Word for word, please restate the line that contains "Canvas sneaker barely" and all lines after it through the end of the material, minus the pictures.

Material provided

········

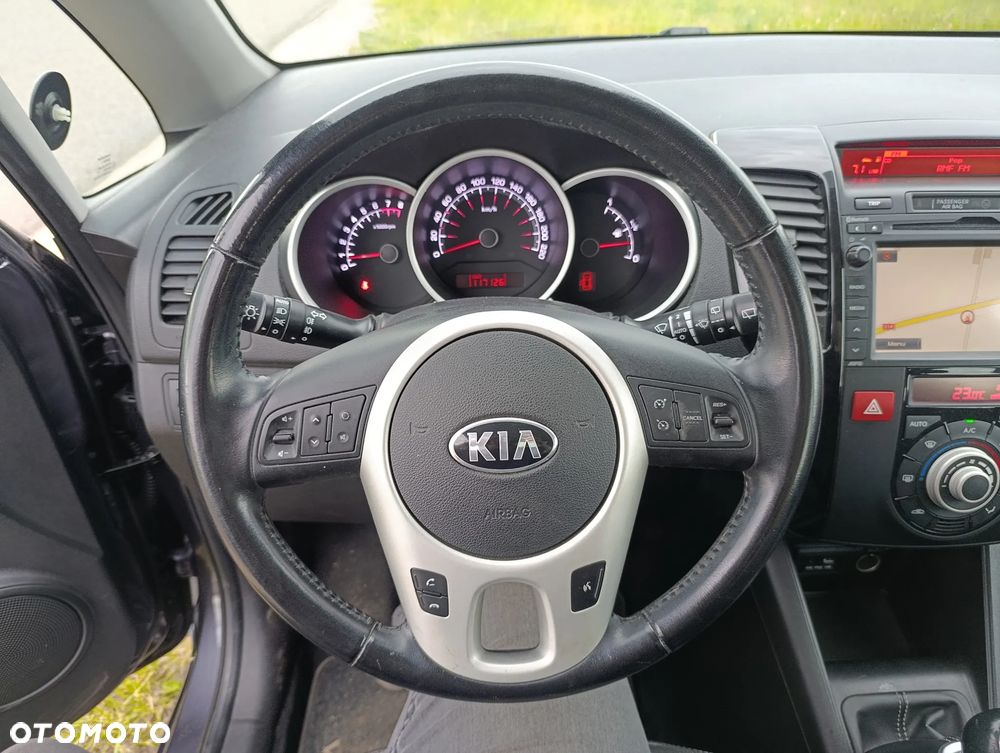 Kia Venga 1.6 Business Line - 9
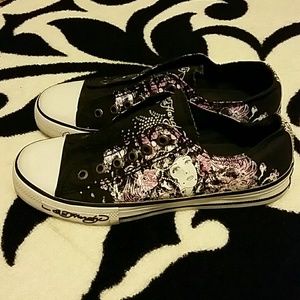 Canvas sneaker barely worn excellent condition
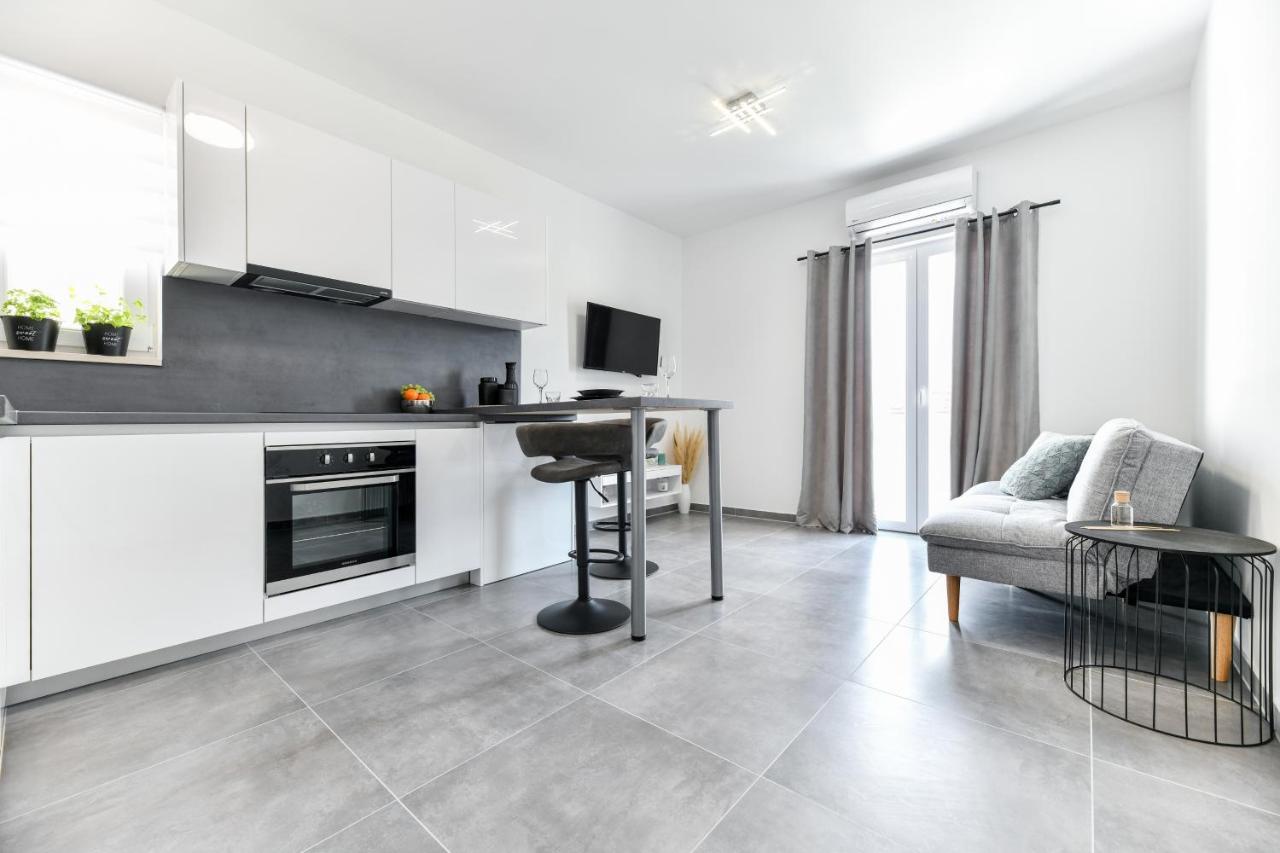 Luxe Apartments 扎达尔 外观 照片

········

Exercise answer
 Canvas sneaker barely worn excellent condition
 Luxe Apartments 扎达尔 外观 照片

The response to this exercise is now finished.